Fixed master lease rents have kicked in for the hotels segment
- RevPAR declined 42.9% and 4.7% y-o-y to S$79 and S$166 for Far East Hospitality Trust’s hotels and serviced residences respectively.
- The hotel business benefitted from government block bookings and Malaysian worker stays in 1H20 with more than half of Far East Hospitality Trust’s hotel portfolio currently being booked by the government.
- As such, hotel average occupancy held up well at 77.6% but at a big discounted ADR of S$102 for the period.
- Serviced residences continue to benefit from long-lease corporate demand, which contributed 78% to revenues in this segment.
- Occupancy at the service residences increased by 1.7 ppt y-o-y to 82.7%, while ADR saw a marginal 6.6% decline to S$200.
- We understand that the fixed master lease rents have kicked in for the hotel segment, with a historical breakeven level at c.S$105 RevPAR.
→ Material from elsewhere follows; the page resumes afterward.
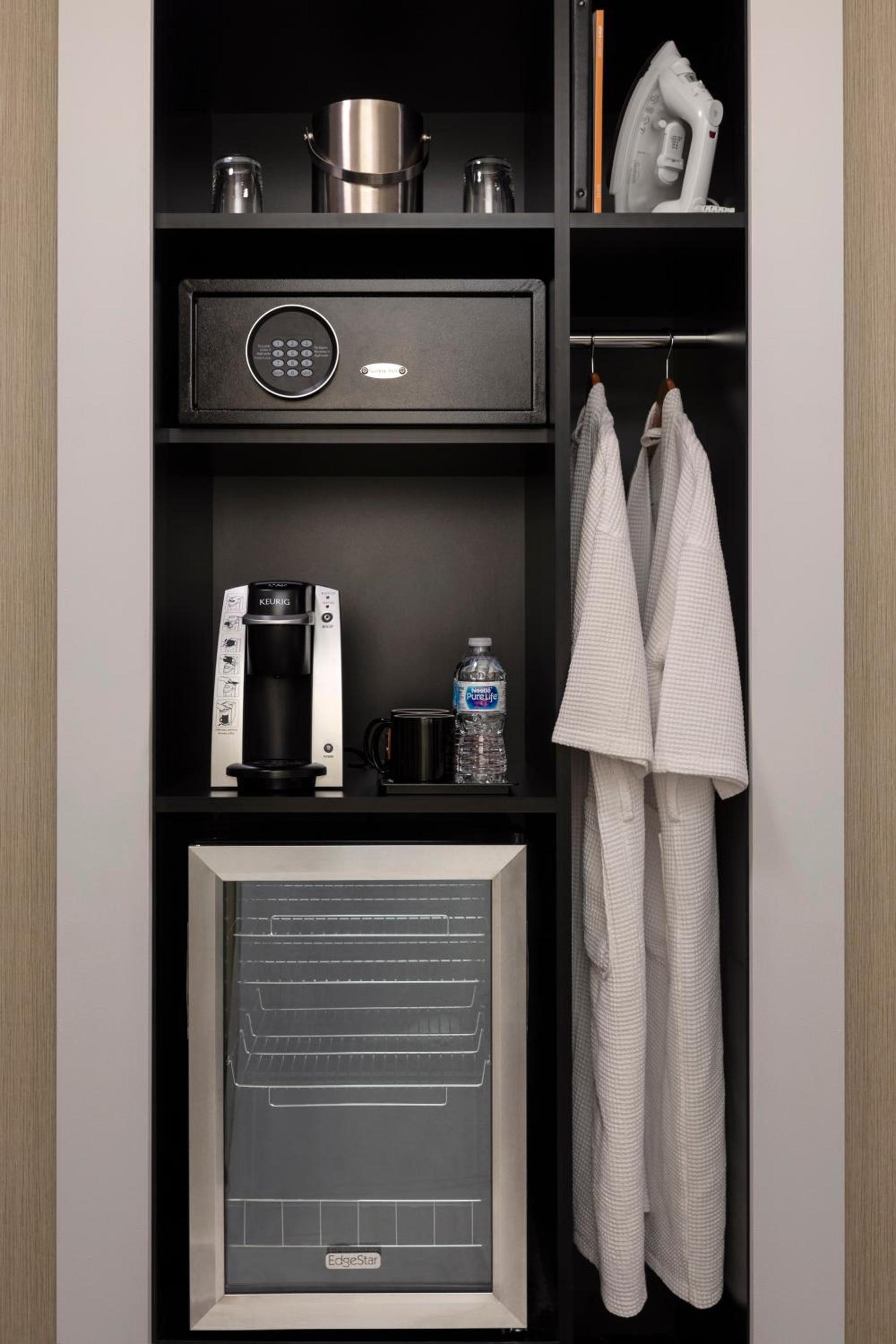 Executive Hotel Pacific photo 8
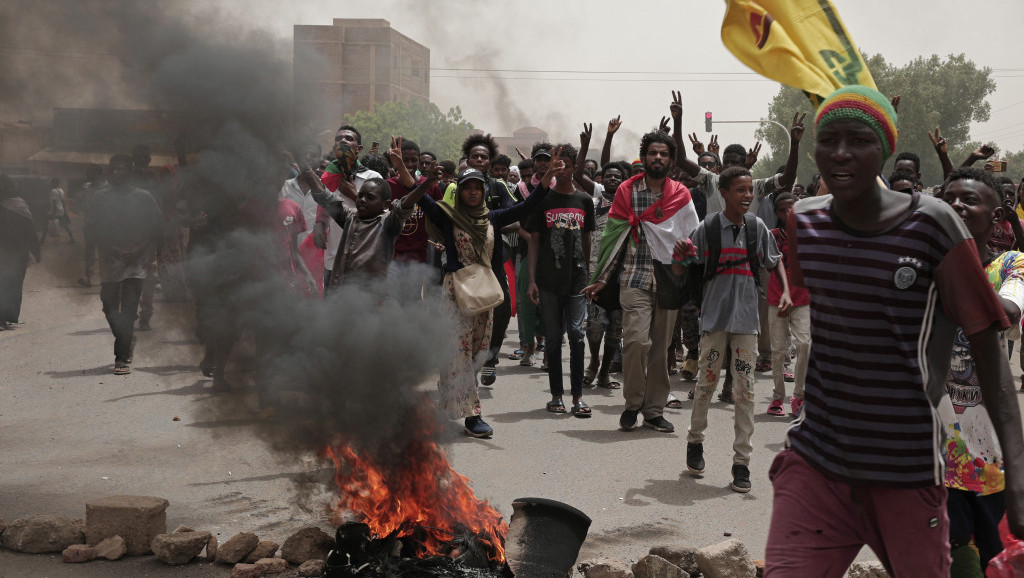 Velike demonstracije u Sudanu, stradalo najmanje sedmoro ljudi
- Approximately 30% of hotel expenditure has been shaved off as the properties operate on minimum labour levels with a reduction in advertising and promotion expenses.
Average occupancy of 90% among commercial tenants
- Commercial rents typically contribute 20% of gross revenue on an annual basis, with an approximate 1:2 split between office and retail contributions.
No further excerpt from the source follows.